| Task objective |
Your copy of the data should match it exactly, except that the pictures are gone.
=== Supplied data ===
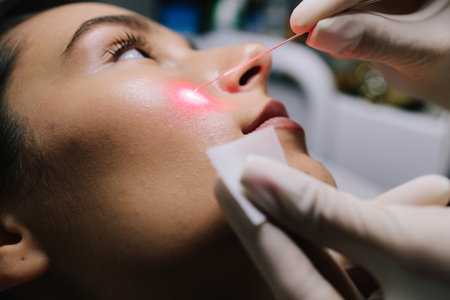 Aesthetic laser removal of nevi and benign growths. Dermatologist performs precise laser removal of...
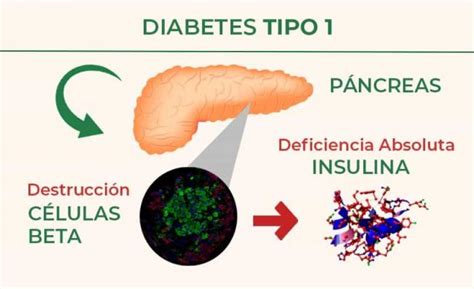 Diabetes Tipo 1 Qué Es Síntomas Causas Tratamiento Natural Nuevas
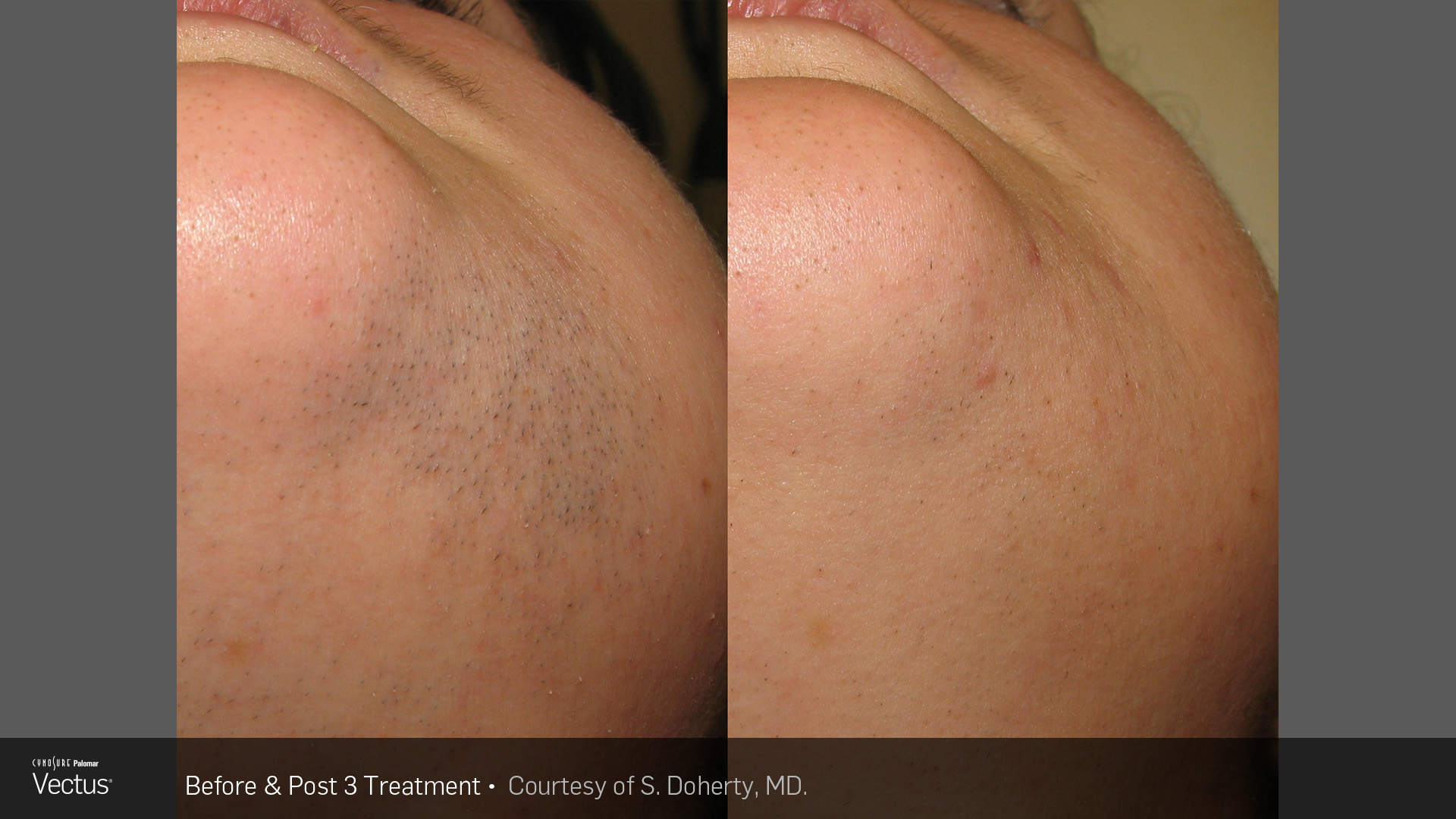 laser hair removal chin hair removal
===
| Solution to this problem |
 Aesthetic laser removal of nevi and benign growths. Dermatologist performs precise laser removal of...
 Diabetes Tipo 1 Qué Es Síntomas Causas Tratamiento Natural Nuevas
 laser hair removal chin hair removal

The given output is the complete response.